American Principles in Action (APIA) and its sister organization, American Principles Project, are organizations that work to restore America’s founding principles as embodied in our Declaration of Independence and Constitution. APIA is concerned that the Minnesota Department of Education’s Proposed Permanent Rules Relating to Social Studies Academic Standards advance an unconstitutional and illegal scheme by which the federal government seeks to establish control over public-school curriculum nationwide.

Minnesota officials decided in 2010 to adopt the English Language Arts (ELA) portion of the Common Core State Standards Initiative (CCSSI). CCSSI is an initiative controlled by the federal government and private interests in Washington, DC, and designed to impose national K-12 standards in ELA and mathematics. By adopting CCSSI’s ELA standards, Minnesota has become part of a scheme that violates three federal statutes prohibiting federal supervision, direction, or control of school curricula.

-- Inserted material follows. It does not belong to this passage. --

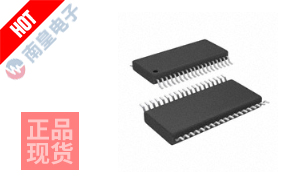 SN65LVDS388ADBTR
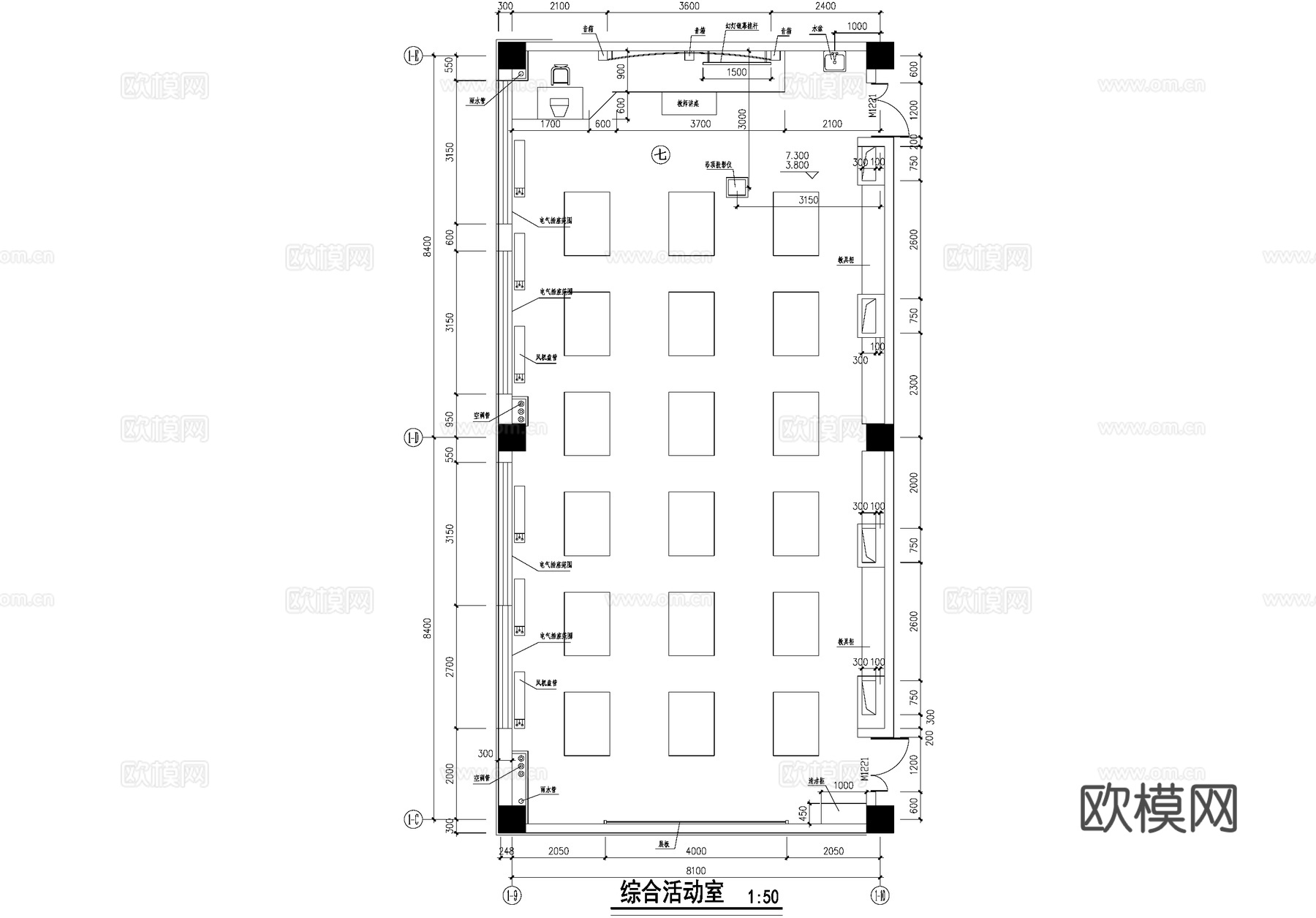教室课堂活动室培训室平面图cad施工图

Robert S. Eitel and Kent D. Talbert, former deputy general counsel and general counsel, respectively, of the U.S. Department of Education, have concluded that CCSSI (which includes national standards and aligned assessments) “will ultimately direct the course of elementary and secondary study in most states across the nation, running the risk that states will become little more than administrative agents for a nationalized K-12 program of instruction and raising a fundamental question about whether the Department is exceeding its statutory boundaries.” The General Education Provisions Act prohibits the Department from “exercise[ing] any direction, supervision, or control over the curriculum, program of instruction, administration, or personnel” of any school. Similar prohibitions exist in the Department of Education Organization Act and the Elementary and Secondary Education Act of 1965. As noted by Eitel and Talbert, “[s]tandards drive curriculum, programs of instruction, and the selection of instructional materials. A change to common K-12 standards will inevitably result” in changes to all these elements to align with the standards. The bottom line: CCSSI standards will ultimately dictate curricula, in violation of three federal statutes.

Nor will this effect on curriculum be limited to the English language arts and mathematics curricula. CCSSI’s ELA standards include a raft of standards labeled “literacy in history/social studies, science, and technical subjects.”  Through these “literacy” standards, CCSSI will control or at least influence the curricula in other subject areas.  Thus, the original transgression of imposing national standards and, ultimately, a national curriculum in ELA, is compounded by the ELA standards’ effect on these other areas.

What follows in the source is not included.